Hi, Have you read up on fishless cycling. I read that you are going to set up the tank and add the fish after about 8 weeks. You do know of course that in order for the tank to cycle you need an ammonia source??
Just checking!!


----------



## Guest (Jun 8, 2007)

I'd drop the cichlids, as Demasonis are very aggressive Africans that need a Mbuna only tank as well as a 55g minimum IMO because they should be kept in large groups.

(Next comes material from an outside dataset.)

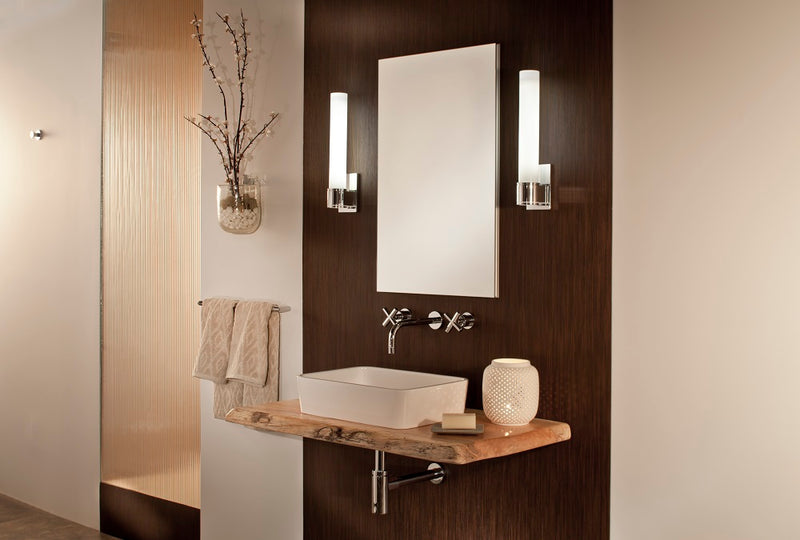 GlassCrafters 24Wx30Hx6D Frameless Mirrored Medicine Cabinet, Flat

Tiger barbs are ok for your tank, but they will get about 3 inches, so can be rather large for a 30g tank. I'd go with the Emporer or Blue tetras and then choose another group (i recommend against Serpaes as they are nippy and will limit other fish choices). Then you could have a pair of dwarf Cichlids like Apistos, Bolivian rams, or German Rams. You could also choose some bottom fish like Cories if you like them. I'd get a group of atleast 6 of one species.


----------



## SBDTHUR (Jun 15, 2007)

As many people pointed out, be careful with the barbs. My Green Tiger Barb's are huge fin nipper's. Especially on slow moving fish.:fish:


----------



## Guest (Jun 15, 2007)

my cherry barb and my gold barbs are prolly my favorits fish in my tank ATM. i highly recomend cherry barbs because they are bright red and are very active. gold barbs are also good but females can get to 4 inches and males only get to 2. they are very active and colorful fish that make any tank more colorful. i wouldn't recomend the tigers unless you are devoting the tank specifically to them because with tigers, it is really hit or miss with the fish that you can keep with them. good luck with them.

Andrew


----------



## judya (Jan 23, 2005)

There are a lot of smaller less aggressive cichlids you could keep, but the demasonis - nope. I'd recommend rams, apistogramma, kribensis, maybe a pair of clown cichlids (anomalochromis thomasi) or rainbow cichlids (Herotilapia multispinosa). However in general I'd leave the cichlids until later in your fish keeping experience.
I like a lot of the rasboras - harlequin or brilliant; barbs such as cherry barbs or black ruby barbs; and danios - pearl, zebra, leopard - nice zippy schooling fish.
I also like corydoras catfish - nice personality.


----------



## CVV1 (Oct 7, 2005)

How do you people get stuff so cheap!?!?!?!?! I got a hood, 20 gallon, filter and rocks for $100!!!! HOLY CRAP


----------



## judya (Jan 23, 2005)

I get most of my stuff at the fish club auctions - here in Ohio there are about 10 clubs, and most have one or two big auctions a year, and sometimes smaller fish auctions at the meetings. Also I was browsing eBay and looking for aquarium or fish tank listings within a 100 mile distance, and there were quite a few listed. Of course with gas prices, 100 miles would be really pushing it!


----------